#### Records

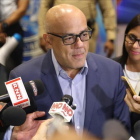 El alcalde de Caracas, Jorge Rodríguez (centro), junto a la presidenta de la oficialista Asamblea Nacional Constituyente de Venezuela, Delcy Rodríguez, en Santo Domingo, el 14 de septiembre-EFE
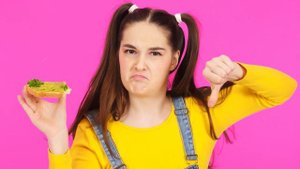 Кулинарный Челлендж: Я против Дедушки | Забавные кухонные лайфхаки HAHANOM Challenge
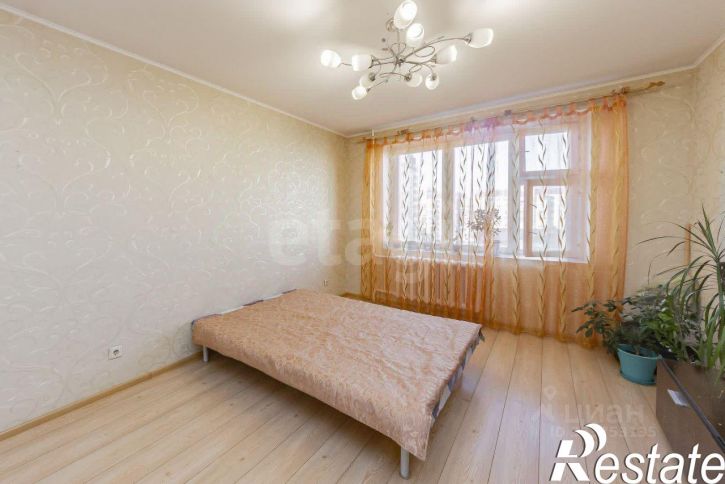 3-комн квартира улица Николая Семёнова, 33,  д. 33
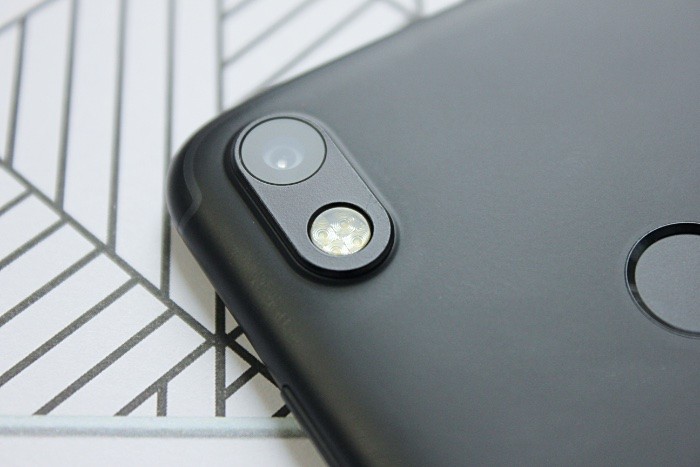 Обзор смартфона Tecno Spark CM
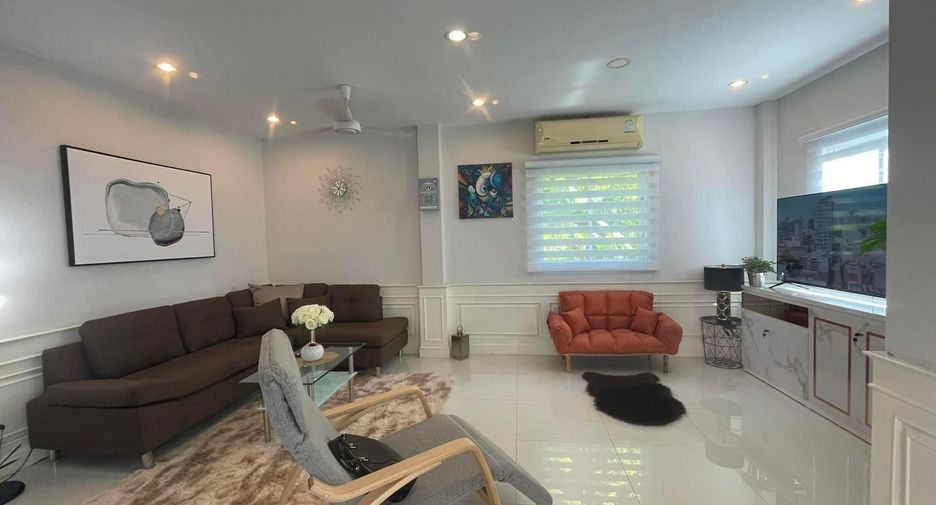 À louer 3 chambres maison à Mueang Phuket, Phuket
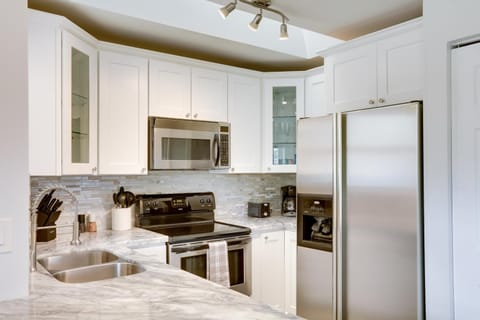 Pet-Friendly Jupiter Townhome, 6 Mi to Beaches! House in Jupiter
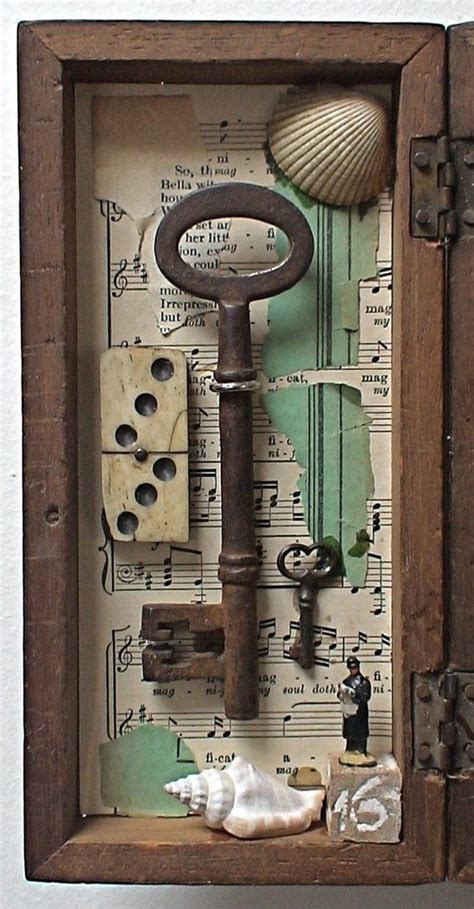 Pin By Vesna Vujovic Utjesinovic On Art I Key Crafts Shadow Box Art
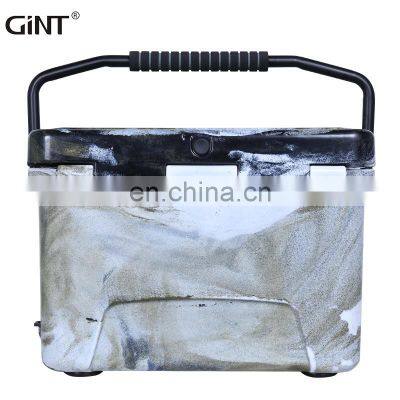 Gint Double wall PU cooler box Double wall LLDPE thermal Customized Logo 20QT camo mix color  Cooler for camping with handle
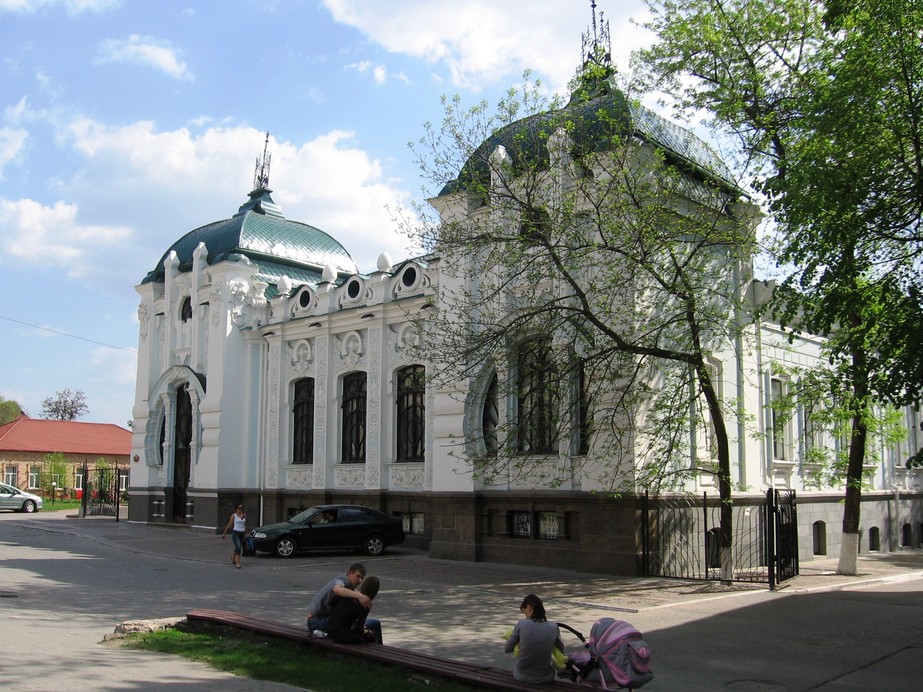  Дом Барского (Краеведческий музей)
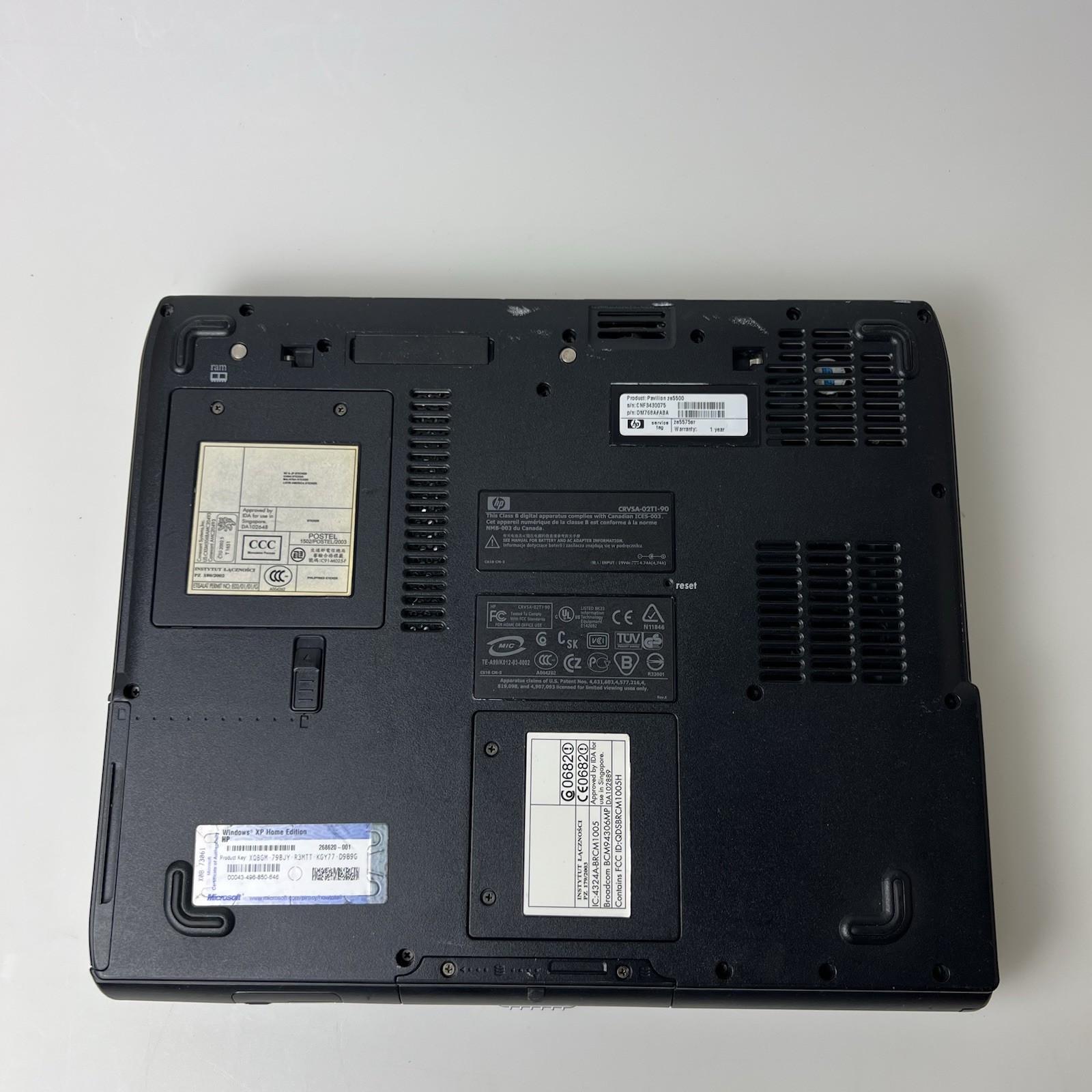 HP Pavilion ze5500 ze5575sr Laptop Pentium 4 XP 40GB IDE 256MB DVD Parts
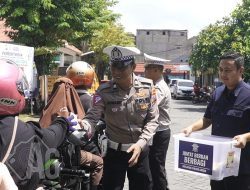 Satlantas Polres Gresik Bagi Makanan ke Pengendara di Jum’at Berkah Berbagi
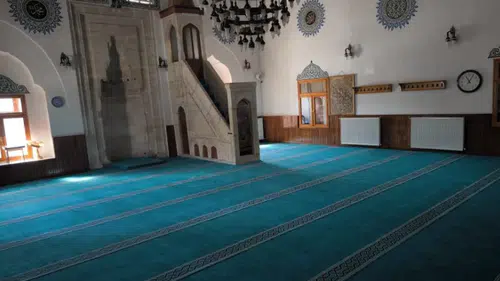 Sivas’ta Kale Camii’nin Halıları Yenilendi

#### What you will do
Where a line contains "Кулинарный Челлендж: Я", begin there and transcribe every line through the last one of the records above, exactly and with no pictures.

#### Exercise response
 Кулинарный Челлендж: Я против Дедушки | Забавные кухонные лайфхаки HAHANOM Challenge
 3-комн квартира улица Николая Семёнова, 33,  д. 33
 Обзор смартфона Tecno Spark CM
 À louer 3 chambres maison à Mueang Phuket, Phuket
 Pet-Friendly Jupiter Townhome, 6 Mi to Beaches! House in Jupiter
 Pin By Vesna Vujovic Utjesinovic On Art I Key Crafts Shadow Box Art
 Gint Double wall PU cooler box Double wall LLDPE thermal Customized Logo 20QT camo mix color  Cooler for camping with handle
  Дом Барского (Краеведческий музей)
 HP Pavilion ze5500 ze5575sr Laptop Pentium 4 XP 40GB IDE 256MB DVD Parts
 Satlantas Polres Gresik Bagi Makanan ke Pengendara di Jum’at Berkah Berbagi
 Sivas’ta Kale Camii’nin Halıları Yenilendi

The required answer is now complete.